La causa principal de su enojo era que imaginaban que Gora les despreciaba porque eran de casta baja y quería imponerles normas de vida menos ortodoxas.

En sus visitas a los distritos rurales, Gora observó también que existía entre los mahometanos algo que les unía. Cuando les aquejaba la desgracia, se ayudaban mutuamente de una forma que parecía vedada a los hindúes. A menudo se preguntaba en qué consistía la diferencia existente entre las dos comunidades. La respuesta que se le ofrecía no le resultaba grata; tener que reconocer que los musulmanes estaban unidos por la religión, y no tan sólo por unas costumbres y tradiciones. Por un lado, la obligatoriedad de observar determinadas costumbres no inutilizaba todos sus actos y, por otro, los preceptos de su religión, y no tan sólo por unas costumbres y tradiciones. Por un lado, la obligatoriedad de observar determinadas costumbres no inutilizaba todos sus actos y, por otro, los preceptos de su religión les hermanaban. Unidos, lograron algo positivo, algo que no les hacía deudores sino propietarios de una riqueza, algo por lo que el hombre podía llegar a sacrificar su propia vida, al lado de todos sus camaradas.

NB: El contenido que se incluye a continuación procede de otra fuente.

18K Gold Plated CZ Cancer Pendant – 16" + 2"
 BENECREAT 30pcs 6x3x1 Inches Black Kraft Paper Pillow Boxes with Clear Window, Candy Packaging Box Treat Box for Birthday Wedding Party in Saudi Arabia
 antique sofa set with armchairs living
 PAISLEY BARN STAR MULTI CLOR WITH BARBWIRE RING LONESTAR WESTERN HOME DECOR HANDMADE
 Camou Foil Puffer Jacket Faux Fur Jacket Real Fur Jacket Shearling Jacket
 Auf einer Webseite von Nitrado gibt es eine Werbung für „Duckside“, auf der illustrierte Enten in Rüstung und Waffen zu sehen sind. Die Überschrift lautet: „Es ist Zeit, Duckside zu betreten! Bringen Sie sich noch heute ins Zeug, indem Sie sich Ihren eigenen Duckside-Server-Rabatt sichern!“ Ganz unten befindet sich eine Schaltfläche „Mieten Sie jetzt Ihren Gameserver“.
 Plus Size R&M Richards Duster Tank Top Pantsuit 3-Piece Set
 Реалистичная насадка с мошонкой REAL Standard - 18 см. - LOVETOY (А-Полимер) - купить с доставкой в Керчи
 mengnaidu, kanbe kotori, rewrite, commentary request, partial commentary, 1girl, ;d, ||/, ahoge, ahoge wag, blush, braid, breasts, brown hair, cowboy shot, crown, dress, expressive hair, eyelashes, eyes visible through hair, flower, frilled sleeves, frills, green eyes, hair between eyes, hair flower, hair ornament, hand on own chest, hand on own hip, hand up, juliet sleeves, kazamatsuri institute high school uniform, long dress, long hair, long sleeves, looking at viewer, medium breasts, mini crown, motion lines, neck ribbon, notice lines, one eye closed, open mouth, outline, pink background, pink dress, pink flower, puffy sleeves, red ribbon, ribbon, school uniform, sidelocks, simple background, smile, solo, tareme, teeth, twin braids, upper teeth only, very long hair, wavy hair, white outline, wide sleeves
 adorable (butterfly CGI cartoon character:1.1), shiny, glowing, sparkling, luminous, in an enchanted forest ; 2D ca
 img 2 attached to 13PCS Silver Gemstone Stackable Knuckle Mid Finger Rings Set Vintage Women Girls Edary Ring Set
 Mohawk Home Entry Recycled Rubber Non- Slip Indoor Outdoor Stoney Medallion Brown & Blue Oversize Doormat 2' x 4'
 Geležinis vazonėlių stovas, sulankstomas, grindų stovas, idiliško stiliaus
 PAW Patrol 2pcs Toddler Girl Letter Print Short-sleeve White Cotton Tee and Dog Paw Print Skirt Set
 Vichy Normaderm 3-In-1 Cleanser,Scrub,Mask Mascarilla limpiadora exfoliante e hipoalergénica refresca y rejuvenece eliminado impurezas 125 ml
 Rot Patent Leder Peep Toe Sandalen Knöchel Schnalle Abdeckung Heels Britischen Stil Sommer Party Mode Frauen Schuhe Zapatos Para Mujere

Cuando Gora, en su ambiente, escribía, discutía y discurseaba, lo hacía para influir sobre los demás y, naturalmente, embellecía con su imaginación el camino al que deseaba atraerles. Envueltas en sutiles palabras, a la romántica luz de sus propias emociones, las cosas más simples aparecían como una imagen fascinadora, no siendo, en realidad, más que una ruina inútil. Dado que ciertas personas atacaban al país y renegaban de todo lo que había en él, Gora, llevado de su intenso amor a su tierra, trataba noche y día de cubrirla bajo el manto de sus fervorosos sentimientos, para salvarla de tantos insultos. Gora llevaba su lección aprendida de memoria. No era que quisiera probar, como un defensor, que todo era bueno y que lo que desde cierto punto de vista podía parecer un delito era, desde otro, una virtud; él lo creía implícitamente.

En los lugares más imposibles, se levantaba ante el adversario y hacía ondear con orgullo aquella fe, como si fuera bandera de victoria. Su lema era primero volver a encaminar al pueblo hacia la verdadera devoción a la patria; después, acometer otras empresas.

Pero cuando salía a aquellos pueblos en los que no tenía auditorio, en los que no tenía nada que demostrar, donde no precisaba recurrir a toda la fuerza de su dialéctica para derribar al adversario, le era imposible seguir contemplando la verdad a través de un velo. La misma intensidad del amor que su patria le inspiraba agudizaba su percepción.